Streamline machine learning workflows with SkyPilot on Amazon SageMaker HyperPod

This post is co-written with Zhanghao Wu, co-creator of SkyPilot.

The rapid advancement of generative AI and foundation models (FMs) has significantly increased computational resource requirements for machine learning (ML) workloads. Modern ML pipelines require efficient systems for distributing workloads across accelerated compute resources, while making sure developer productivity remains high. Organizations need infrastructure solutions that are not only powerful but also flexible, resilient, and straightforward to manage.

SkyPilot is an open source framework that simplifies running ML workloads by providing a unified abstraction layer that helps ML engineers run their workloads on different compute resources without managing underlying infrastructure complexities. It offers a simple, high-level interface for provisioning resources, scheduling jobs, and managing distributed training across multiple nodes.

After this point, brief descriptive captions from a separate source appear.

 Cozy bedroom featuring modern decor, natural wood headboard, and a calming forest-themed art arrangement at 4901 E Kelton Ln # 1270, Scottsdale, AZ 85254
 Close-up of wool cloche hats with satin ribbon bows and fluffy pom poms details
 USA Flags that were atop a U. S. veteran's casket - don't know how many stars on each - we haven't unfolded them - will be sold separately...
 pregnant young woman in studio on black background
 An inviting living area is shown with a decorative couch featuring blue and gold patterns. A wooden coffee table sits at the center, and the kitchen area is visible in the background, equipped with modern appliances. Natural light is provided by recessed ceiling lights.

Amazon SageMaker HyperPod is a purpose-built infrastructure to develop and deploy large-scale FMs. SageMaker HyperPod not only provides the flexibility to create and use your own software stack, but also provides optimal performance through same spine placement of instances, as well as built-in resiliency. Combining the resiliency of SageMaker HyperPod and the efficiency of SkyPilot provides a powerful framework to scale up your generative AI workloads.

In this post, we share how SageMaker HyperPod, in collaboration with SkyPilot, is streamlining AI development workflows. This integration makes our advanced GPU infrastructure more accessible to ML engineers, enhancing productivity and resource utilization.

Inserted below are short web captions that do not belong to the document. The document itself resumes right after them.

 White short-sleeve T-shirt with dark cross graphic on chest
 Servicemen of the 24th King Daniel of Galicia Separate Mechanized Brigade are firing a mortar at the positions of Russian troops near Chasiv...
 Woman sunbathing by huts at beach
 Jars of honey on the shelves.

Challenges of orchestrating machine learning workloads

Kubernetes has become popular for ML workloads due to its scalability and rich open source tooling. SageMaker HyperPod orchestrated on Amazon Elastic Kubernetes Service (Amazon EKS) combines the power of Kubernetes with the resilient environment of SageMaker HyperPod designed for training large models. Amazon EKS support in SageMaker HyperPod strengthens resilience through deep health checks, automated node recovery, and job auto-resume capabilities, providing uninterrupted training for large-scale and long-running jobs.

ML engineers transitioning from traditional VM or on-premises environments often face a steep learning curve. The complexity of Kubernetes manifests and cluster management can pose significant challenges, potentially slowing down development cycles and resource utilization.

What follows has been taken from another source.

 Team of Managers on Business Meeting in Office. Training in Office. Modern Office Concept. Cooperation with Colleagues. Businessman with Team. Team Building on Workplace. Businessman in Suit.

Furthermore, AI infrastructure teams faced the challenge of balancing the need for advanced management tools with the desire to provide a user-friendly experience for their ML engineers. They required a solution that could offer both high-level control and ease of use for day-to-day operations.

SageMaker HyperPod with SkyPilot

To address these challenges, we partnered with SkyPilot to showcase a solution that uses the strengths of both platforms. SageMaker HyperPod excels at managing the underlying compute resources and instances, providing the robust infrastructure necessary for demanding AI workloads. SkyPilot complements this by offering an intuitive layer for job management, interactive development, and team coordination.

Through this partnership, we can offer our customers the best of both worlds: the powerful, scalable infrastructure of SageMaker HyperPod, combined with a user-friendly interface that significantly reduces the learning curve for ML engineers. For AI infrastructure teams, this integration provides advanced management capabilities while simplifying the experience for their ML engineers, creating a win-win situation for all stakeholders.

SkyPilot helps AI teams run their workloads on different infrastructures with a unified high-level interface and powerful management of resources and jobs. An AI engineer can bring in their AI framework and specify the resource requirements for the job; SkyPilot will intelligently schedule the workloads on the best infrastructure: find the available GPUs, provision the GPU, run the job, and manage its lifecycle.

Solution overview

Implementing this solution is straightforward, whether you’re working with existing SageMaker HyperPod clusters or setting up a new deployment. For existing clusters, you can connect using AWS Command Line Interface (AWS CLI) commands to update your kubeconfig and verify the setup. For new deployments, we guide you through setting up the API server, creating clusters, and configuring high-performance networking options like Elastic Fabric Adapter (EFA).

The following diagram illustrates the solution architecture.

In the following sections, we show how to run SkyPilot jobs for multi-node distributed training on SageMaker HyperPod. We go over the process of creating a SageMaker HyperPod cluster, installing SkyPilot, creating a SkyPilot cluster, and deploying a SkyPilot training job.

Prerequisites

You must have the following prerequisites:

An existing SageMaker HyperPod cluster with Amazon EKS (to create one, refer to Deploy Your HyperPod Cluster). You must provision a single ml.p5.48xlarge instance for the code samples in the following sections.
Access to the AWS CLI and kubectl command line tools.
A Python environment for installing SkyPilot.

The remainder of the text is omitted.